Bref, deux voix, l'une assez grave, l'autre un peu plus aigüe, mais rayée, débrayée, enrayée, déraillée par trop d'années de cigarettes et pis autres trucs...

Derrière ces silhouettes assises, de dos, sur des fauteuils tendance (le genre ébénisteries moulées, rembourrées et tétraxylopodes), plein de spots lumineux de divers éclats, comme des dizaines d'étoiles rassemblées, éblouissantes.

Le voilà mon cliché, le voilà.

"- Où en est Macaron?

- Euh, Macaron n'avance pas comme il le devrait, mon cher Etienne.  J'ai pourtant tout ce qu'il faut.  Des week-ends à moi, une équipe qui tourne enfin, une épouse chaque jour plus adorable, mais depuis les beaux jours de l'automne, je n'ai guère écrit qu'une poignées de pages...  Pourtant Macaron va bien, je veux dire, il avance imperceptiblement, je crois qu'aujourd'hui, il est plus proche de la fin que du début.  Mais, ce faisant, il évolue vers une tournure un poil plus politique que la dimension envisagée au départ.  

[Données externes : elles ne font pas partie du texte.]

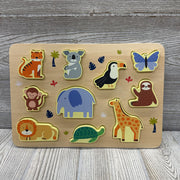 Animals Chunky Puzzle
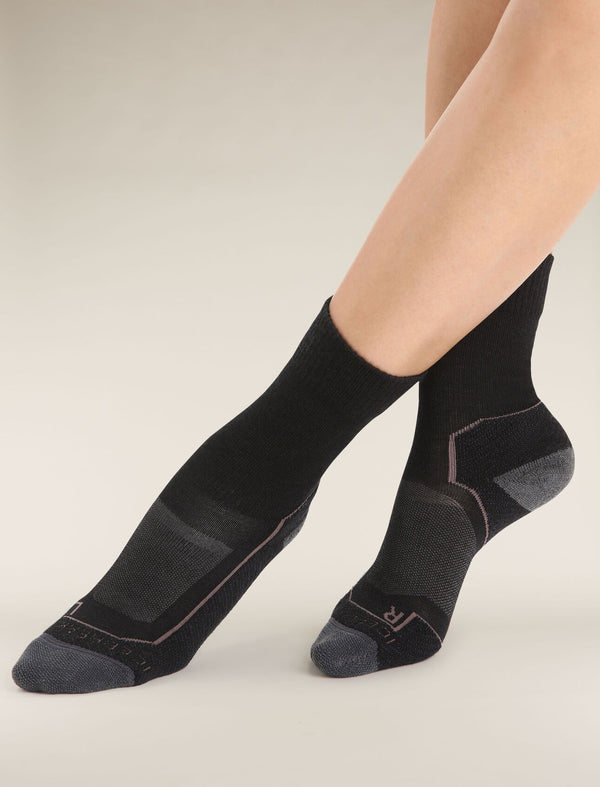 ICEBREAKER Women's Hike+ Light Crew Sock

- Mais alors où est le problème?

- Le problème?  Peut-être de la peur, la peur d'être incompréhensible, donc incompris.  Et puis aussi, il y a un chapitre scientifique à écrire, une sorte d'hommage au Soleil.  Pour que ce chapitre fonctionne, j'ai besoin d'être en contact avec une personne qui rayonne.  Une personne que j'ai toujours assimilée au Soleil.  Le truc c'est qu'elle est aux abonnés absents...  Mais bref, fort heureusement, il n'y a pas que cela à écrire.  Il y a Anja aussi. Il y a leur rencontre, leur amour, passionné, puis lointain, puis réconcilié...  Il y a toutes les révolutions qu'il faudrait pour sauver l'Humanité de catastrophes pourtant annoncées.  Il y a les aventures musicales de la seconde moitié du livre; donc bref il y a de quoi écrire!

- Alors au boulot! 

- Sauf que le problème c'est que je rêvasse...  Dès que le ciel d'hiver se délivre des nuées, mon regard est sitôt attiré.  Capella, Deneb...

- Alors arrêtez de rêvasser à regarder les étoiles!  Regardez plutôt le Soleil!  C'est lui la solution!  Let the sunshine in, don't look up!"